The Song of the Lark by Willa Cather (1915)
By Nava Atlas | On March 31, 2019 | Updated September 8, 2022 | Comments (4)
The Song of the Lark by Willa Cather, published in 1915, was the third of her twelve novels. It traces the artistic development of Thea Kronberg from Moonstone, her hometown in the desert of Colorado, to the stage of New York’s Metropolitan Opera House.
Thea Kronborg has a dream of becoming a world-class singer. Born into the family of a Swedish Methodist minister in the Colorado village of moonstone, she has a beautiful voice, a driving ambition, and an innate sense of what is true and fine. She sees the surroundings in which she is growing up in as cheap and tawdry, though it’s a part of the booming American West.

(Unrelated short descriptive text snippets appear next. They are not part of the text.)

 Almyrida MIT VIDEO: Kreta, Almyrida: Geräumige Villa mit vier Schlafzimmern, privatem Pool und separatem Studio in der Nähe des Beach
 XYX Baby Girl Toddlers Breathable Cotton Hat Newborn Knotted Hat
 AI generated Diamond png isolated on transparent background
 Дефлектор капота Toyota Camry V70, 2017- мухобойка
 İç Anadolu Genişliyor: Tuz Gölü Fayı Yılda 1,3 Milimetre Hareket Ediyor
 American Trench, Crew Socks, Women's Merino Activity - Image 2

The novel story arc follows Thea from her girlhood, when her ambition takes root, to achieving the stature of prima donna at the age of thirty. Thea’s sole focus is on her aspiration to artistic perfection. Her passion for artistic perfection informs everything she does.
The fictional Thea’s professional achievements were inspired by the real-life career of the Wagnerian soprano Olive Fremstad. In 1913, Willa Cather was assigned to write an article for McClure’s magazine about three American opera singers, Louise Homer, Geraldine Farrar, and Olive Fremstad.
Willa had already been planning to write a book about an opera singer, and it was fortuitous that she got to meet the three singers for her interviews. Of the three women, it was Fremstad who interested her most, and she zeroed in on trying to discern what it had taken from the Swedish Fremstad to become a true artist.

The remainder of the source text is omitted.